In the Network Automation 101 webinar and Building Network Automation Solutions online course I described one of the biggest challenges the networking engineers are facing today: moving from thinking about boxes and configuring individual devices to thinking about infrastructure and services, and changing data models which result in changed device configurations.

The $1B question is obviously: and how do we get from here to there?

My ideas were heavily influenced by the Our Traditional Interop Breakfast discussions I had with Terry Slattery in times when Interop still found it worthwhile to invest into good speakers, and the fantastic blog post by Jeremy Stretch. Thank you both!

There are two fundamental ways to solve this challenge:

  • Build or buy a network automation solution that translates high-level data model (marketers prefer to use the word Intent) into device configurations that are then pushed to traditional network devices;

  • Buy a $vendor solution that pretends a whole network (for example, a data center fabric) is a single device. This trend started with shared-control-plane approaches like stackable switches, Cisco VSS and HP IRF, and was made way more scalable with reasonable architectures like Juniper QFabric, Cisco ACI, or Pluribus Networks Netvisor.

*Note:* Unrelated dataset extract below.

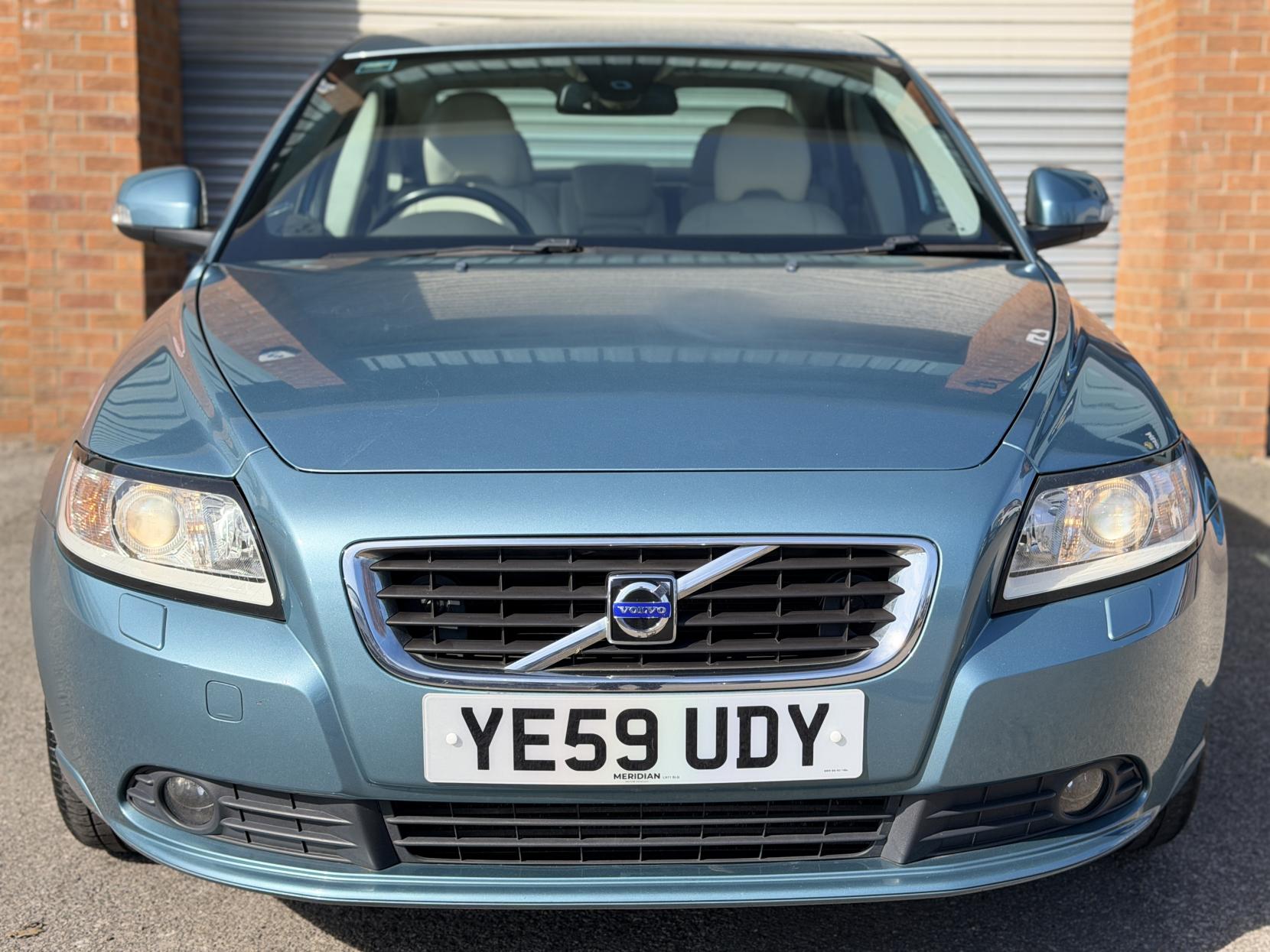 Volvo S40 2.0D GPF SE Lux Saloon 4dr Diesel Manual Euro 4 (136 ps)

The major difference between the two: how much you can do when the thing breaks down (here’s what Douglas Adams had to say on this topic).

If you’re using a network automation solution (doesn’t matter whether it’s a bunch of Perl scripts, Ansible playbooks, or Cisco NSO), you can still log into individual devices, check their configuration, figure out how to fix stuff, and get the network patched together till a proper fix is implemented. Obviously, this approach only works if:

  • You thought about big red button that can stop the automation from overwriting your attempts to get the network up and running;

  • You haven’t fired all your network engineers due to misplaced unwavering belief in Easter Bunny and $vendor promises.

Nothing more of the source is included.